Let’s begin with the basics: it’s unethical for the President to lend his name and office a Twitter account that purports to send out messages from him when in fact he neither sends out the messages nor approves them. It’s also stupid, and it’s unethical because it is stupid. A President’s credibility must be protected, by him and everybody else. If Obama isn’t sending a tweet, he shouldn’t permit an official tweet to go out that suggests otherwise. “Everybody” knows Obama isn’t sending the tweets, you say? If so, then why do so many Twitter users follow Fake Obama? Whether they believe it is him or not, he implicitly endorses and approves whatever is tweeted under his name. He is responsible.

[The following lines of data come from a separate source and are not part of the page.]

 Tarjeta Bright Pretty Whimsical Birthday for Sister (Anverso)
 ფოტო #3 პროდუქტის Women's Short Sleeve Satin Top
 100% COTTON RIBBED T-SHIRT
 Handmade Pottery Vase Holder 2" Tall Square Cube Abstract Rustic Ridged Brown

From this follows the next point: it is irresponsible to hire a grade school drop-out to represent the President of the United States on the internet. Stating that Neil Armstrong walked on the moon in 1963 isn’t a typo: this was embodied in a graphic, and requires deep, frightening historical ignorance. I wouldn’t expect the President to have time to oversee this kind of petty operation, especially since he can’t find the time to oversee the I.R.S., the N.S.A, the V.A., the Secret Service, the Armed Services, or the Justice Department, all of which he should be holding to some standards of competence. I would expect, however, that whoever that supervision is delegated to would understand that making sure POTUS isn’t made to seem like Jessica Simpson on Twitter is paramount. I would also expect that the President himself would want to exert some effort to control the words others place in his mouth, as that would be the smart, responsible, professional and presidential thing to do.

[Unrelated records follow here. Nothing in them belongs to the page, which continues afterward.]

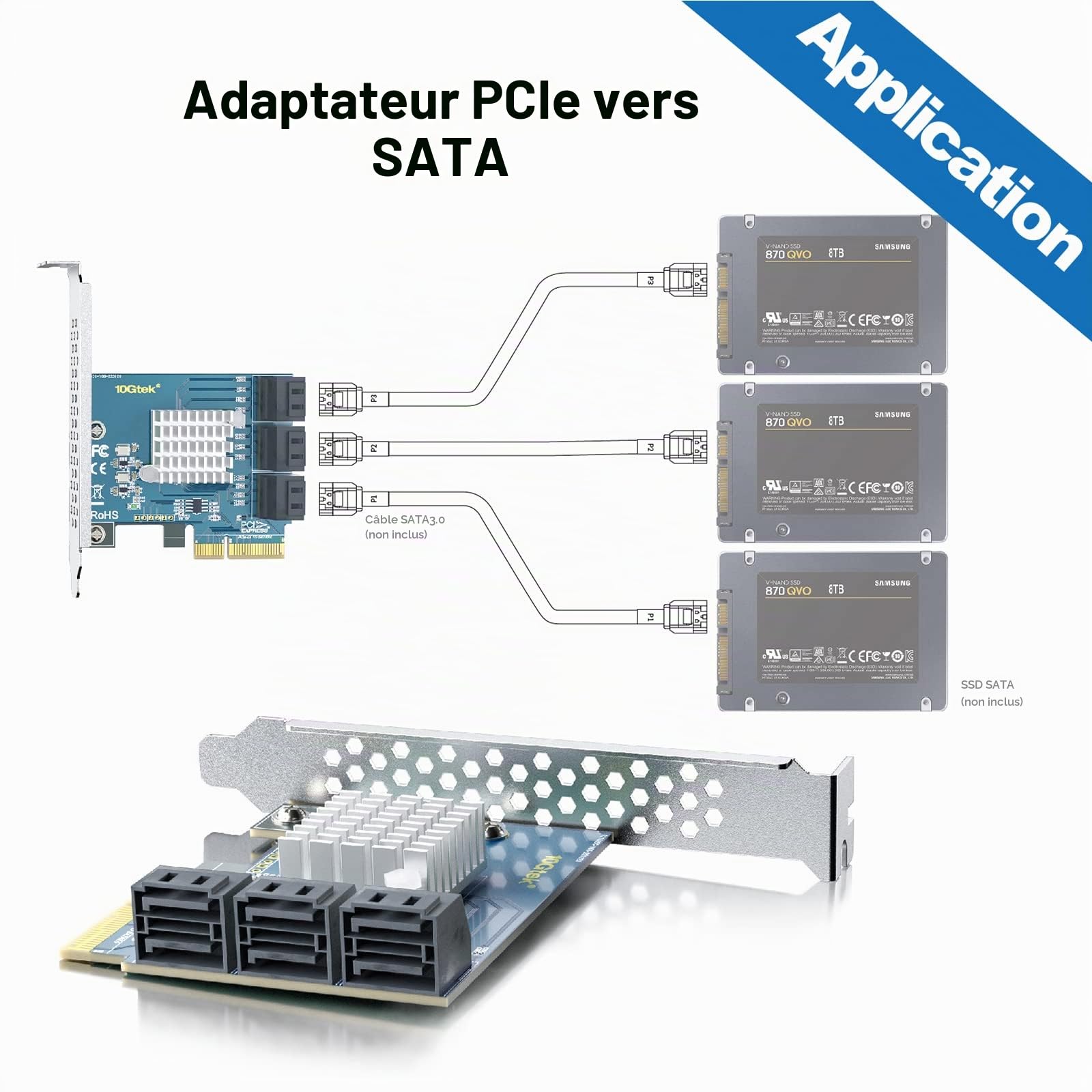 10Gtek PCIe SATA Card 6 Ports X4, 6Gbps SATA3.0, ASMedia ASM1166 Chip, Compatible with Windows 7/10/Linux/VMware ESXi, PCIX2SATA-6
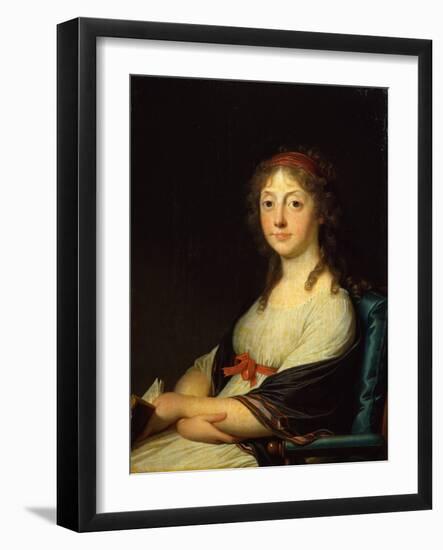 Portrait of a Lady (Oil on Canvas)-Jens Juel-Framed Giclee Print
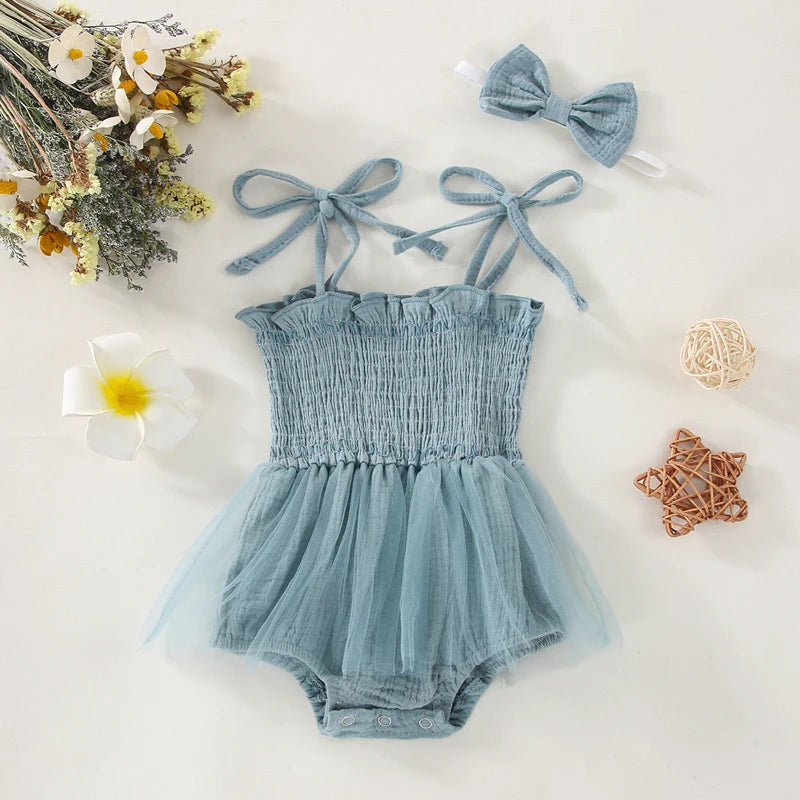 Newborn Baby Girl Clothes Spaghetti Straps Smocked Rompers with Tutu Skirt Toddler Bodysuit+Headband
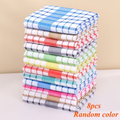 8pcs (Random Color) Modern Plaid Printed Dish Cloths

But that is obviously expecting too much.
Source: Ed Driscoll
5 thoughts on “Ethics Dunces: The Idiot Who Pretends To Be Barack Obama On Twitter, Plus The Idiot Who Hired An Idiot To Pretend To Be Barack Obama, Plus The President, Who Apparently Doesn’t Know Or Care That He’s Being Impersonated By An Idiot”
I think the assertion is that: a) the equal pay act was signed in 1963, and “it’s not 1963 anymore”; b) we have accomplished big things (like landing on the moon) in the interim, but haven’t accomplished so-called equal pay (though I dispute that notion.)
I agree that the disjunction is jarring and can readily lead one to conclude that they are saying that, but I don’t believe the suggestion is that the moon landing occurred in 1963.
So, it’s poorly phrased, and it supports a false assertion regarding equal pay, but not quite as stupid as it otherwise appears to be.
I think you are probably right! Thank you!
But while we are talking about poor phrasing,”I don’t believe the suggestion is that the moon landing occurred in 1963″ is clearly wrong. When a message includes a graphic showing the moon-landing and the date 1963 superimposed over it, that IS, intentional or not, a pretty clear suggestion that the moon landing occurred in 1963. Date with photo of historical event = assertion tah event occurred on said date.
So the tweeter may be a different kind of idiot—communications impaired rather than historically ignorant—but he’s still an idiot, and his supervisor and the President remain indicted. And thanks for mentioning the continued use of the equal pay misrepresentation. I was proud of myself for not doing so.
I agree with Macca. There was never any belief or intention to state that the moon landing happened in 1963. As you say, it’s a communication error rather than an error in historical knowledge.
Made on behalf and in the name of the President of the United States. Either way, it is outrageous negligence, three ways.
How is this different from what Obama’s press secretaries have been doing on television, right in our faces?